Directions — Transcribe the listing below only from the line with "Plafon Tessara LED" up to and including the line with "It professional wearing".

Material provided —
============

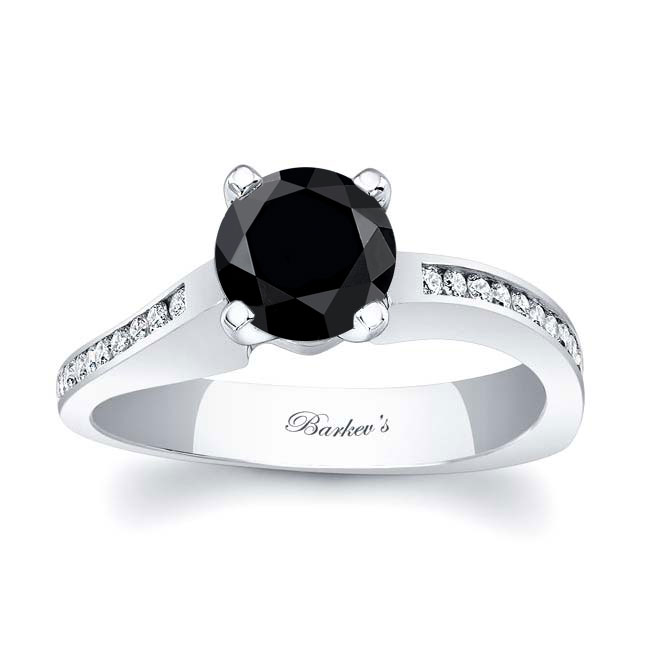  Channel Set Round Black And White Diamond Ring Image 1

============

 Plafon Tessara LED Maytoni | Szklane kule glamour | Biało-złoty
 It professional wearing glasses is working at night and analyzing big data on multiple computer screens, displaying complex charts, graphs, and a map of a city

============

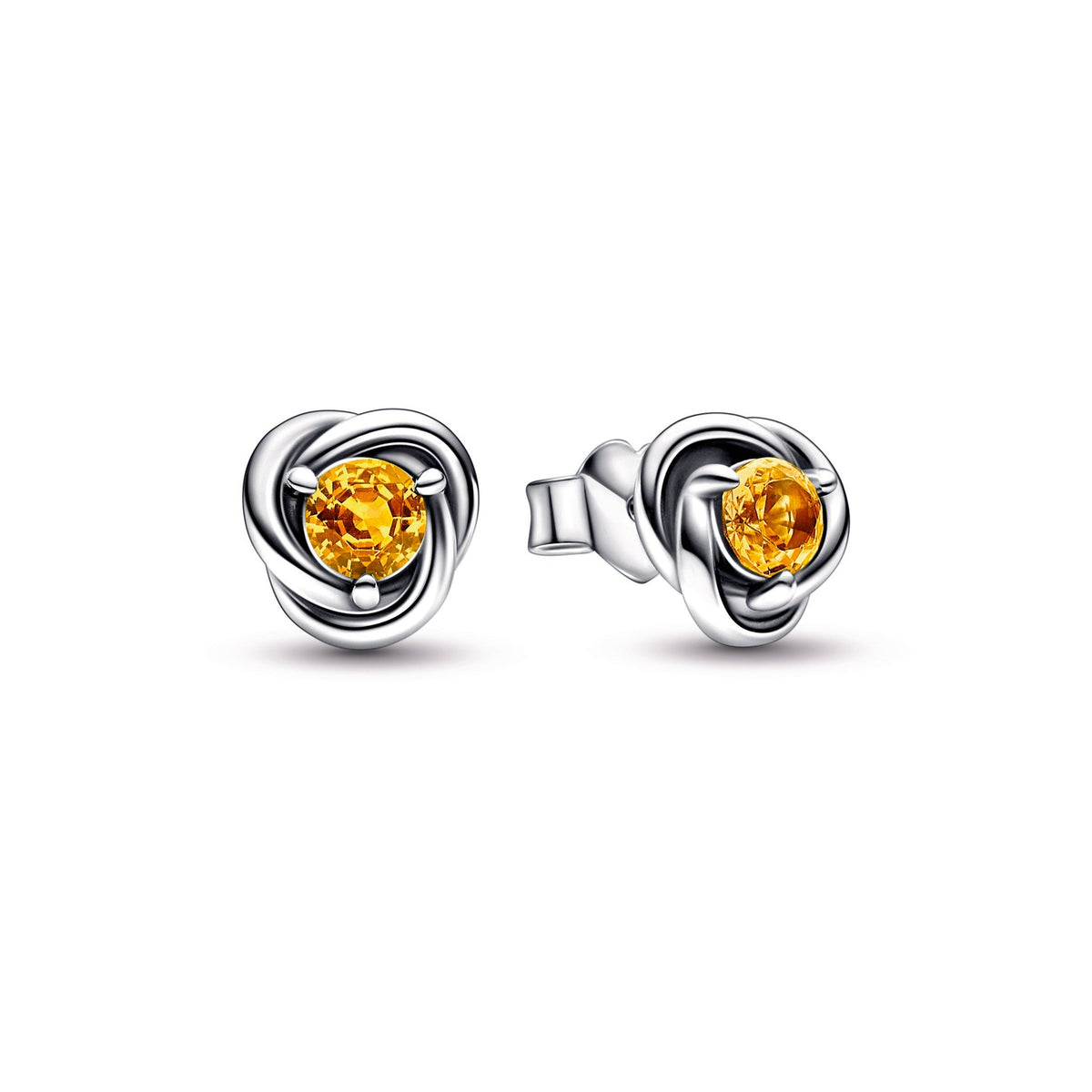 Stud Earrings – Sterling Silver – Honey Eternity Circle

============

The answer —
 Plafon Tessara LED Maytoni | Szklane kule glamour | Biało-złoty
 It professional wearing glasses is working at night and analyzing big data on multiple computer screens, displaying complex charts, graphs, and a map of a city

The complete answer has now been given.